On Wednesday in the Tokyo Dome, Hernandez will make his fifth opening-day start for Seattle, and in the first four has gone 3-0 with a 1.67 earned run average and 27 strikeouts in 312/3 innings.
Each of those starts has come with an ever-changing roster around him. The same will be true of the 2012 team. Three members of the rotation he leads weren’t with Seattle to open 2011.
Felix is the foundation upon which the franchise stands, a man who will turn 26 on April 8, owns an 85-67 career record, has been a two-time All-Star.
And without question, he has been and remains the Mariners’ ace.
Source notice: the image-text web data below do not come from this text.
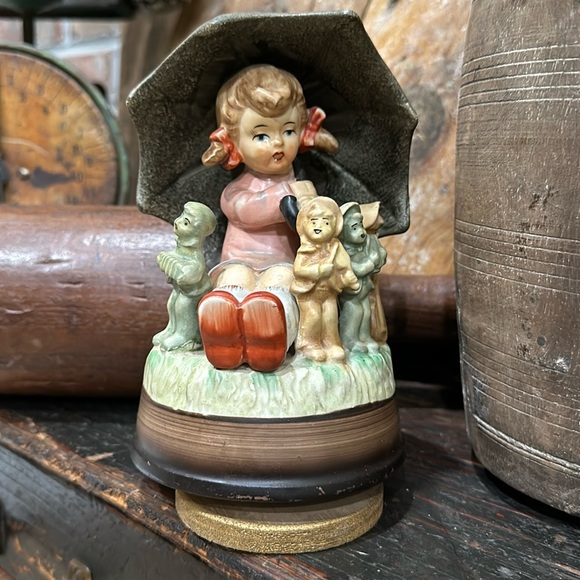 Vintage Hummel Girl Holding Umbrella Music by The Beatles “Michelle” - Picture 1 of 17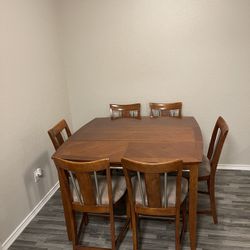 Dining Table Set with 6 Chairs + Removable Extension Leaf – Great Condition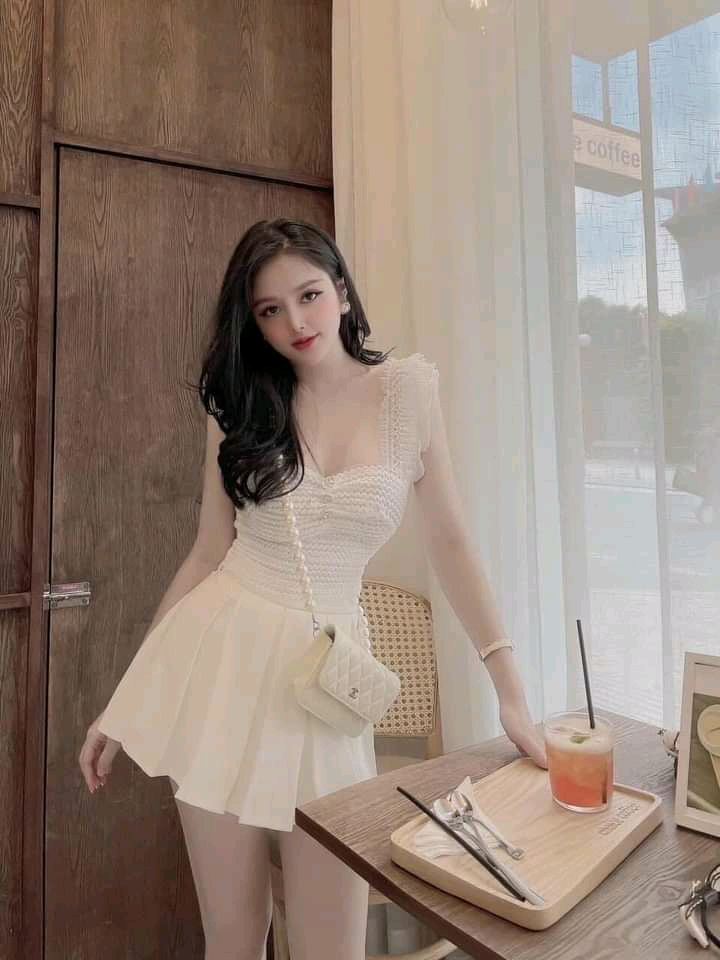 Áo ren cổ vuông Freesize 40-50kg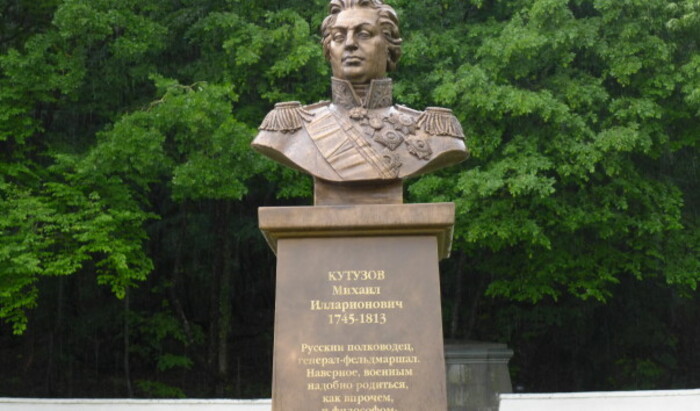 Памятник Михаилу Кутузову в селе Верхняя Кутузовка (район Алушты, Крым), где в 1774 году он заслужил свой первый боевой орден Святого Георгия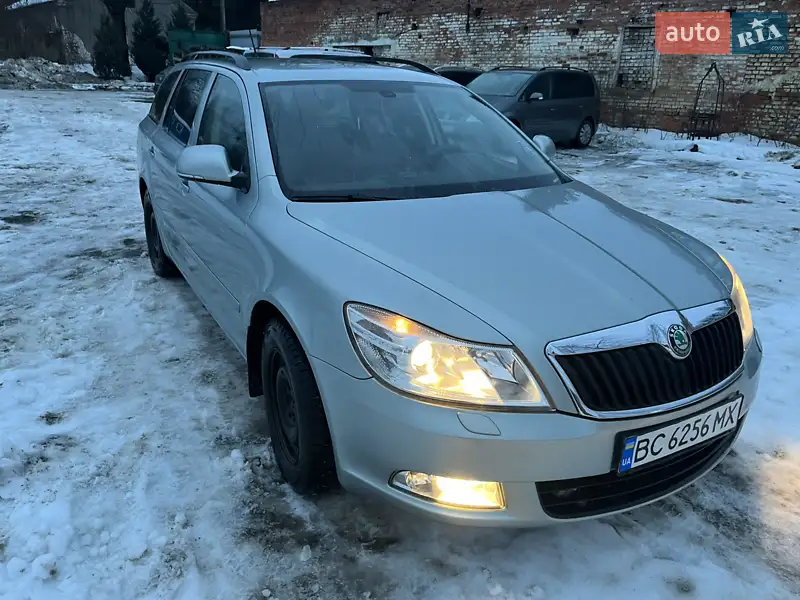 Skoda Octavia 2011 VIN TMBGE61Z0B2145093 фото оголошення 3 з 63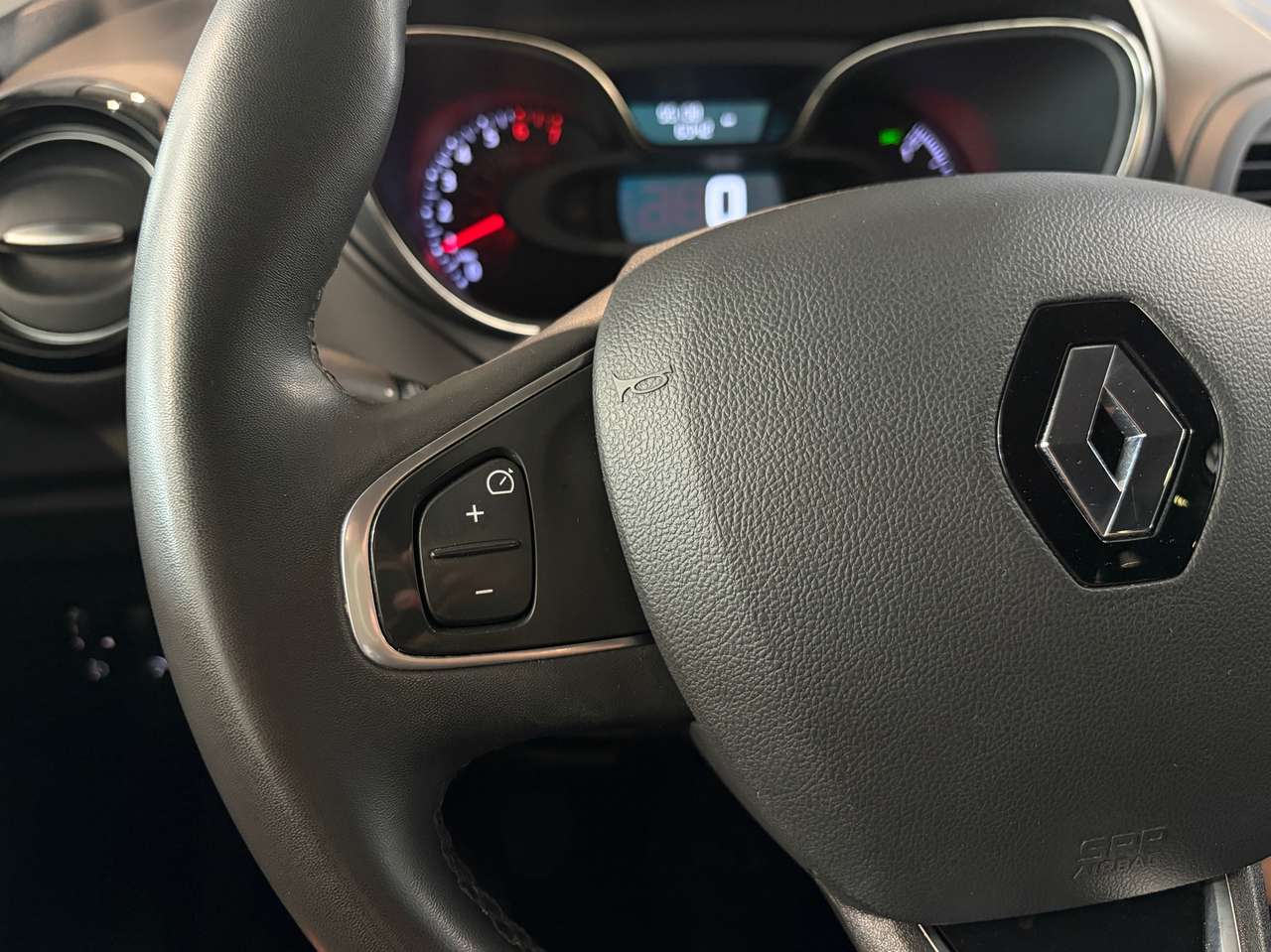 Renault Captur Limited | Apple CarPlay | Cruise Control — foto 13 van 15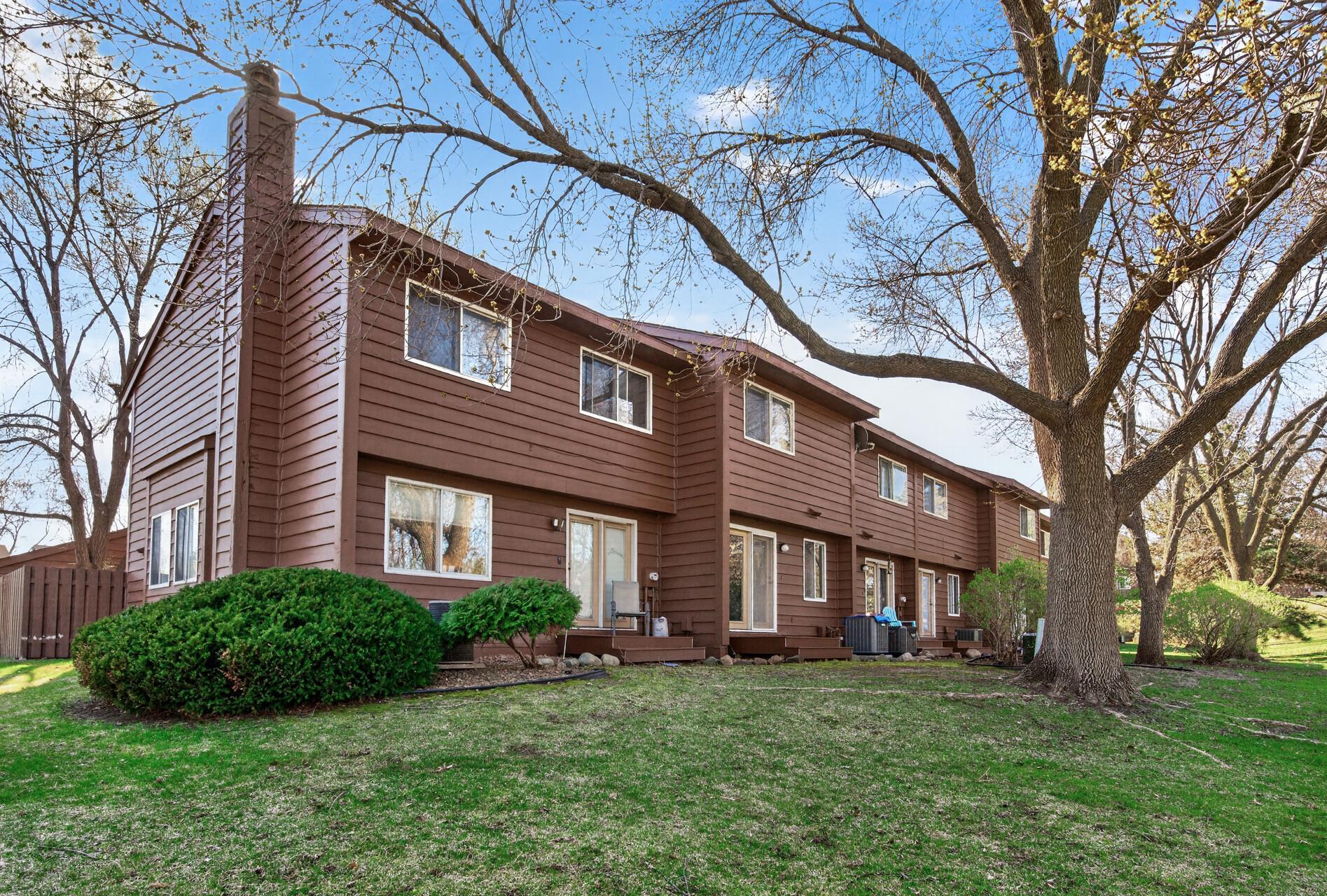 Charming 2 bed / 2 Bath with full finished basement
That means more than starting on opening day. It means devouring innings when the game is getting away, so the bullpen is fresher for the pitchers behind you in the rotation.
“Felix expects to finish every start. He loves pitching, he loves competing,” pitching coach Carl Willis said. “No matter what the situation, he wants one more inning, one more batter, one more pitch.
“He’s like most of us were in Little League, except this is the big leagues. He can dominate here like some of us did in Little League.”
In each of the past four seasons, Hernandez has pitched more than 200 innings, including 2492/3 innings in 2010.
Last season, when the team finished 67-95, Felix was 14-14 with a 3.47 ERA in 2332/3 innings. He wasn’t pleased with himself.
“I wasn’t as consistent as I wanted to be,” he said.
His response? He lost weight and gained muscle, came to camp prepared, he said, for a much better season.
“I wanted to look good,” he said, flexing his biceps.
Manager Eric Wedge remembers watching Hernandez from the Indians’ dugout when he managed Cleveland, then getting to know him last season.
“You always saw the stuff,” Wedge said. “You knew what kind of day you were in for against him. But what I’ve seen up close is how special he is. Felix wants to win, and he’s willing to work every day toward that goal.
“He’s tough. He hates coming out of games. He loves his teammates, defends them. He’s not just a leader with the pitching staff, he’s one of the leaders of the team.”
That doesn’t mean he’s always mature. In baseball, hardly anyone always is.
In the final days before the team traveled to Japan, Hernandez came across a miniature megaphone – a toy – and immediately seized it. Then, from various part of the clubhouse, hidden from catcher Miguel Olivo’s view, Felix Hernandez began a bizarre little chant.
“Oooooo-leee-vooo,” he would say through the megaphone.
High humor it may not been. It broke up the clubhouse, though, and Willis smiled.
“He’s still a kid,” Willis said of his ace. “In the best sense of the word.”
Early on in his major league career, it was the young pitcher’s emotions – and his inability to command them – that were viewed as one of his few weak spots.
If he allowed a home run in a close game, Felix might stomp around the mound and make another mistake or two before calming himself down.
“I still feel the emotions, I just control them now,” Hernandez said.
“Felix is an instinctive pitcher. He reads swings and makes adjustments to them,” Willis said. Felix knows how to pitch. He doesn’t want a lot of information about hitters – he wants them to adjust to him, he doesn’t want to adjust to them.”
Felix’s next start will be the 206th of his major league career. In 59 of those, he’s allowed one run or none while pitching seven innings or more. It is the kind of number that might fascinate him, if he knew it.
He is a husband, a father and an ace, and loves each role. Asked how long it seems he’s been in the big leagues, Hernandez laughed.
“It seems like a long, long time,” he said.